Teatro

Será el amor un sueño en un teatro,

donde el guion se escribe a trompicones,

y sin hallar traspunte de emociones

nos requiere aplomo en cada acto.

Y alguna desmesura entre las letras

que ya nacen rebeldes a la prosa,

con las cartas de amor sobre la mesa

para la complacencia de las rosas.

Tus manos son festejo sigiloso,

para sentirte cerca desde lejos,

entre los bastidores no hay reflejo

de ese beso que se impone ansioso

en todas las fronteras de mi cuerpo.

En un roce de amor vertiginoso

suena la música ardiente como el fuego,

y son mis lunas tus ojos encendidos

cuando el telón se abre sorprendido,

a la pasión oculta en bambalinas.

Y reclama el proscenio indisciplina

los tambores, el beso, torbellino

las miradas, el viento, remolino

revolviendo las ropas y las hojas

hasta poner el mundo boca arriba

y tu nombre en las letras poderosas.

La pasión atraganta, sobrecoge,

enardece y desboca en correntía

hace herida, escuece y también calma,

y es suave, y abrupta, y mediodía.

Imprevisible y franca, como la propia vida.

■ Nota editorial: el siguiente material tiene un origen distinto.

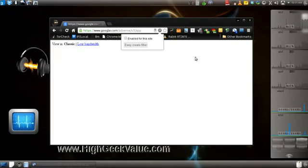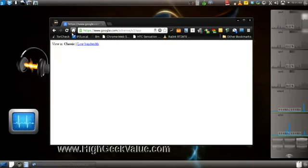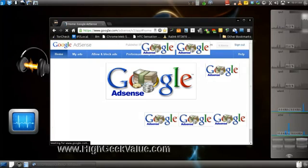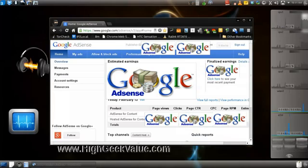So all you gotta do is uncheck that option there, reload, and everything loads as normal.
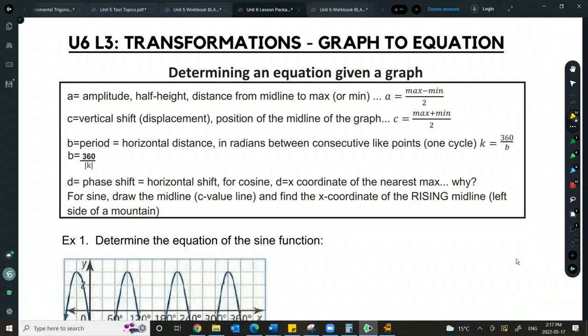We just went from equation to graph in our previous lesson. Now we're going to go from graph to equation.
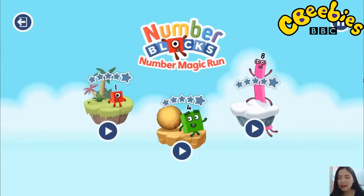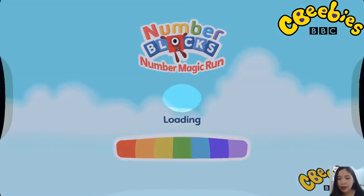Pick an adventure. 1, 2, 3, 4, 5, number blocks, 6, 7, 8, number land.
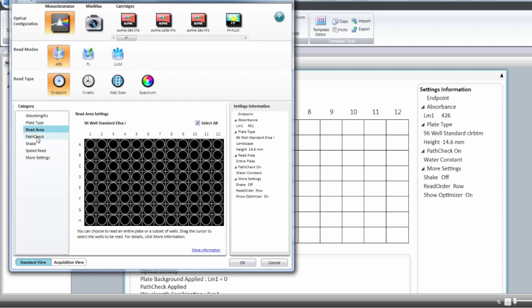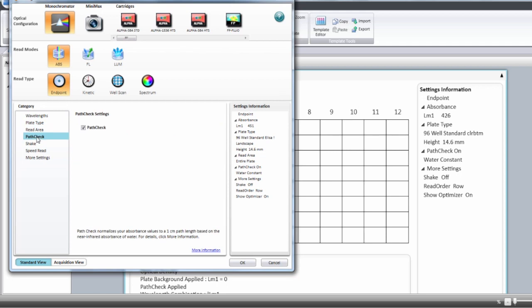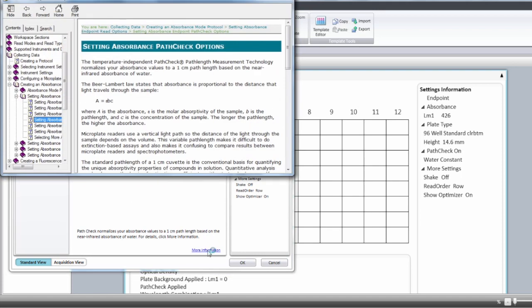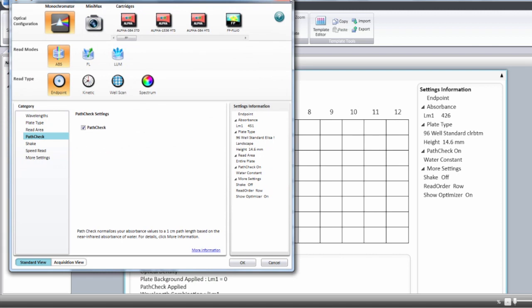You can select the pass check and the pass check will allow you to normalize the data to a one centimeter cuvette. If you need more information on pass check you can select the link that will bring you straight to the manual on the pass check option. We also have application notes on pass check.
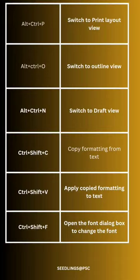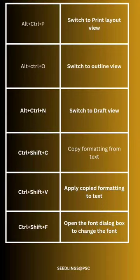Ctrl Shift F: open the font dialog box to change the font.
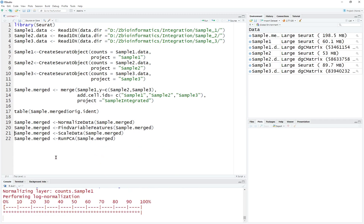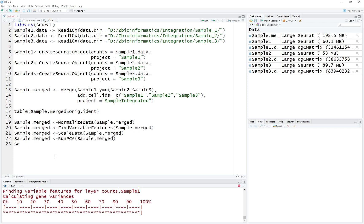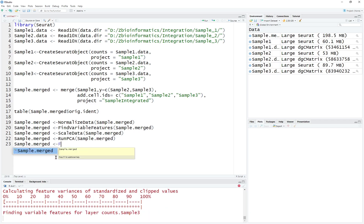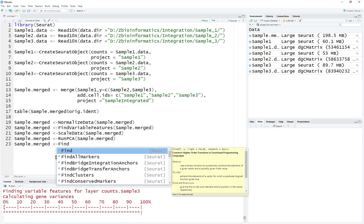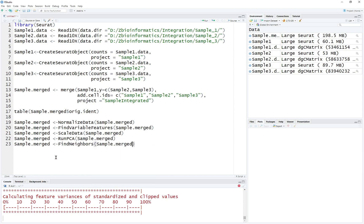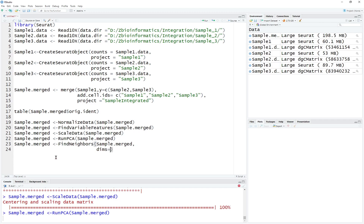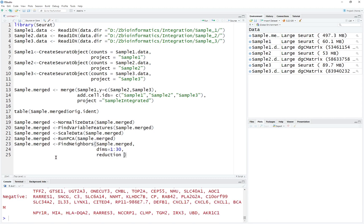Let's execute these lines. We're going to find the neighbors for sample merged — FindNeighbors on sample merged. We're going to decide the dimensions; for now we can use 1 to 30. You can test other dimensional selections as well. The reduction method is going to be PCA.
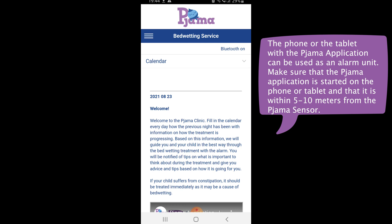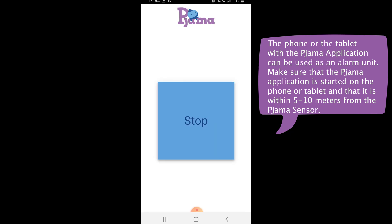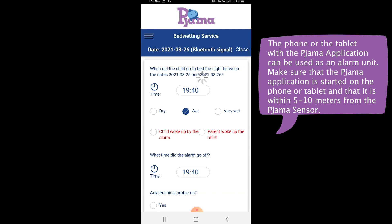If the phone or tablet is to be used as an alarm device, it looks like this in the application. The alarm sounds and it is stopped by pushing the stop button on the screen. The calendar will automatically be opened with the time of the alarm already filled out. You can also see that the time when the child went to bed has already been entered. Complete the calendar entry and save the information.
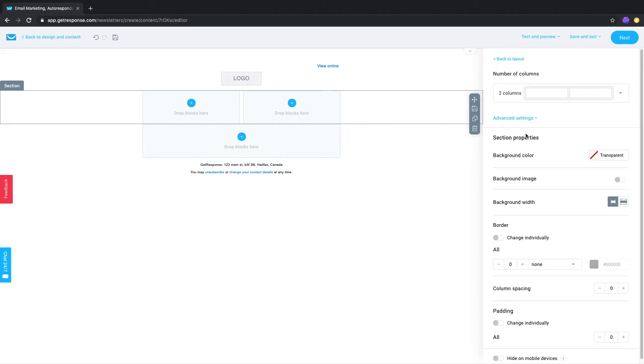That concludes this video. If you have any additional questions, feel free to contact us and chat with the option you see on the left. Until the next video, farewell.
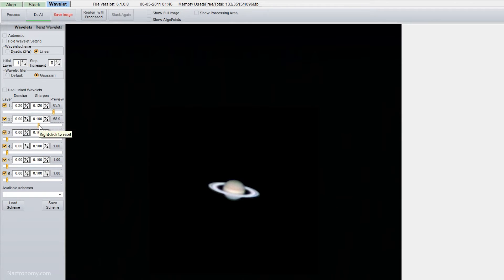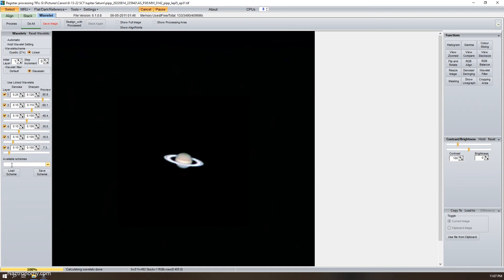Next we'll do Wavelet 2 — let's up the denoise a little bit and sharpen it a tiny bit. I'm going to do the same thing for Layer 3 and then I'll skip the rest of them in this video because they're pretty much the same — the scale just gets smaller and smaller the higher you go. I went and did some minor adjustments to the other wavelets, and this is what it looks like if you want to copy it. I'll go back down a little bit with Wavelet 1. You can clearly make out the bands on the atmosphere of Saturn and the Cassini division in the rings. It looks really good.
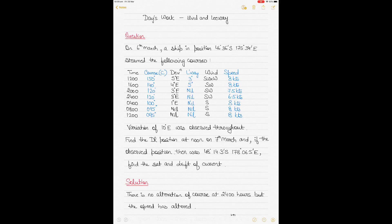This video focuses on day's work, which is part of practical navigation of ships. I have previously made a video on this topic and will provide a link, but I was asked by subscribers to make one with a continuous effect of wind and leeway acting on the ship's course. So here is another example of day's work with continuous wind and leeway.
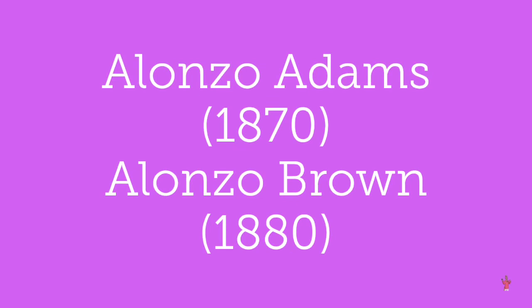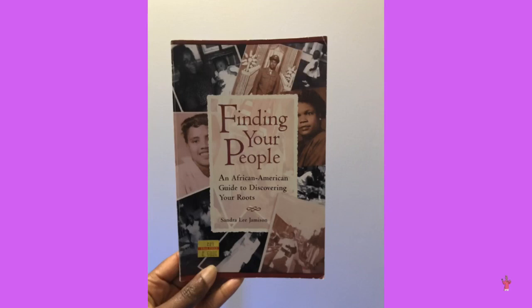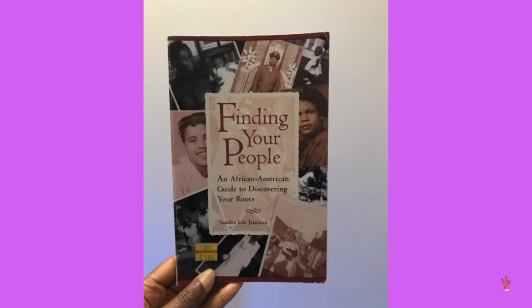Let's look at this Finding Your People, an African-American Guide to Discovering Your Roots book. This is by Sandra Lee Jameson. Let's look into that to see the history of African-American surnames.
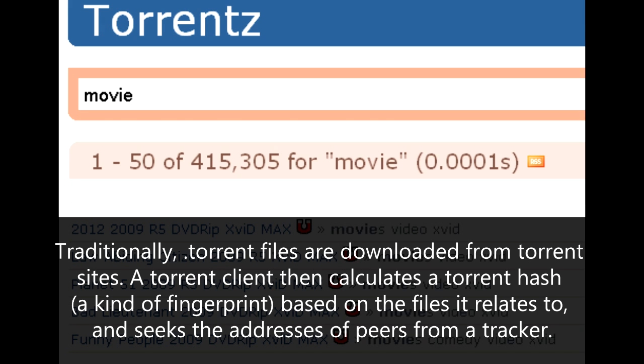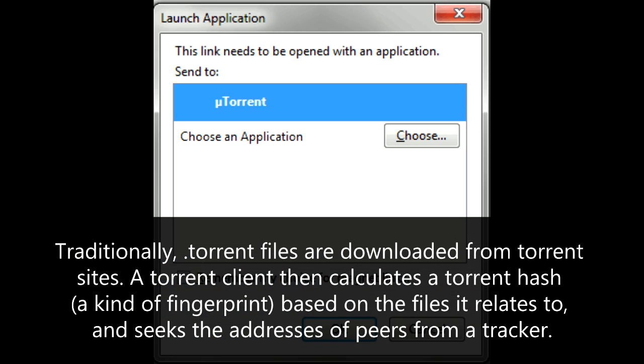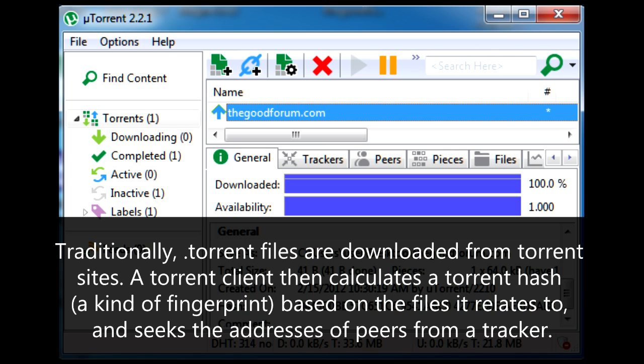Traditionally, torrent files are downloaded from torrent sites. A torrent client then calculates a torrent hash — a kind of fingerprint — based on the files it relates to, and seeks the addresses of peers from a tracker.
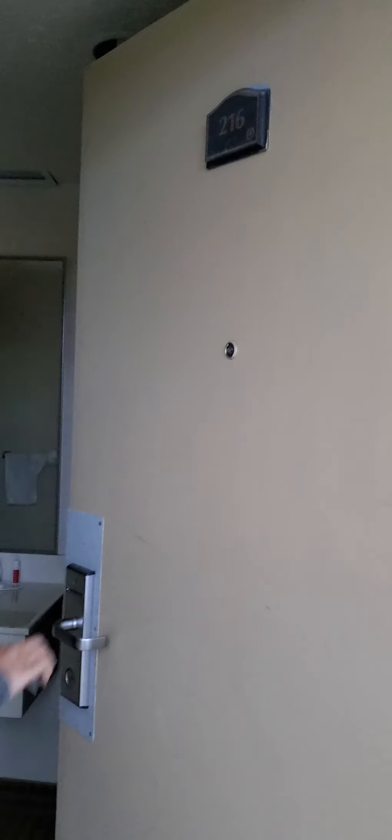Alright, I'm getting let in. It's dark in there. That's okay. That looks just like every other room. Oh yeah, except everything's kind of backwards.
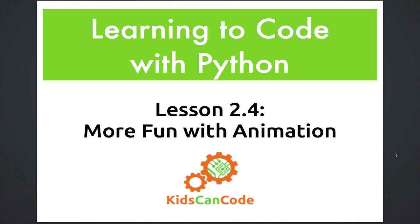Welcome back to Learning to Code with Python. Today, we're going to have some fun by extending the animation example we made last time.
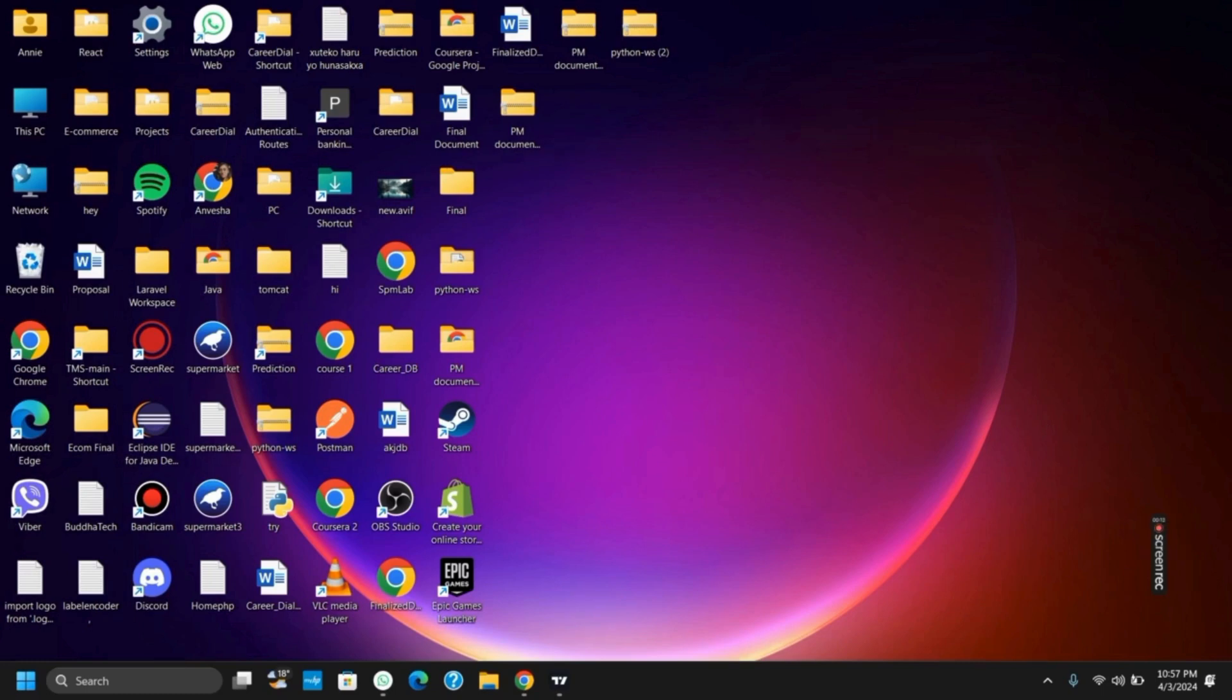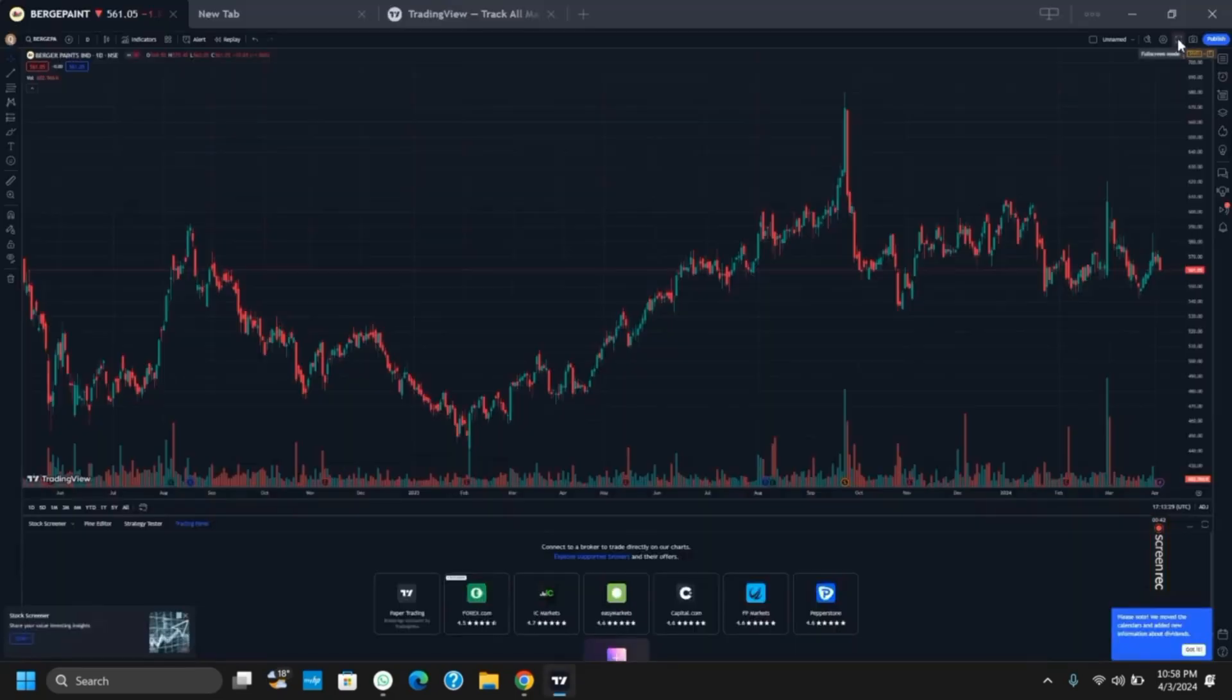To get started, first of all, open your TradingView in the desktop view. You can do the same for the browser view as well.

Por eso dame teatro, dame escena

caballeros, espadas, damiselas,

huracanes, conciertos, mariposas,

cataratas, misterios y escaleras,

ese ritmo trepidante de la acción

hasta que caiga el telón …

Reina oscura

Si ella se hubiera perdido entre la noche,

habitara lagunas sin nombre

y espacios ajenos a toda profecía,

si tu alma gemela, de existir,

fuera una reina oscura.

Si los nudos que se tejen en otras dimensiones

atrajeran tu suerte en el presente,

si fueras tú quien la ausentas,

cada vez que alimentas los dragones

que duermen en tu mente.

Si por cada pensamiento negativo,

la tuvieras más lejos,

te fuera incluso una desconocida.

Si fueras tú quien derrama

el vino de su copa

y la condenas a ser una errante

entre todas tus oscuridades

¿Aceptarías que eres el responsable?

¿Hasta dónde jugarías la partida?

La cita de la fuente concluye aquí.